Тома сбрасывает веревку с разодранных запястий. Дает себе небольшую передышку, чтобы оправиться от пережитого, потом хватается за свой кляп. Извлечь его удается не сразу, и это очень больно. Дрожащими руками он дергает скотч, пытаясь отдирать понемногу, а не одним махом, чем только удлиняет пытку. Пучки волос из ухоженной бородки отдираются вместе с лентой, и он то и дело вскрикивает от боли.
Последний этап – снять веревку со щиколоток, но и с этим скоро покончено. Он свободен.

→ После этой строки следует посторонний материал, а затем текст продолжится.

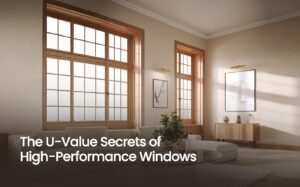 The U-Value Secrets of High-Performance Windows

Бухгалтер встает на ноги, но вид у него при этом какой-то потерянный. Софи наблюдает за каждым его движением, и невнятные звуки, которые она только и способна издавать, выдают ее нетерпение. У Тома внезапно пересыхает во рту. Он делает несколько шагов к девушке – дрожа, как лист на ветру, на грани головокружения. Ближе, еще ближе… Она смотрит на него огромными горящими глазами, и в них столько благодарности, столько радости… «Мой герой, мой доблестный рыцарь! Я вечно буду тебе благодарна!» Еще метр, и она окажется совсем близко. Тома не может сделать этот шаг, он слишком напряжен, он знает, что выбора нет, что цена деяния – его жизнь. Ноги подгибаются, внутренности скручивает узлом, обрывается дыхание. Она тут, перед ним, целиком в его власти…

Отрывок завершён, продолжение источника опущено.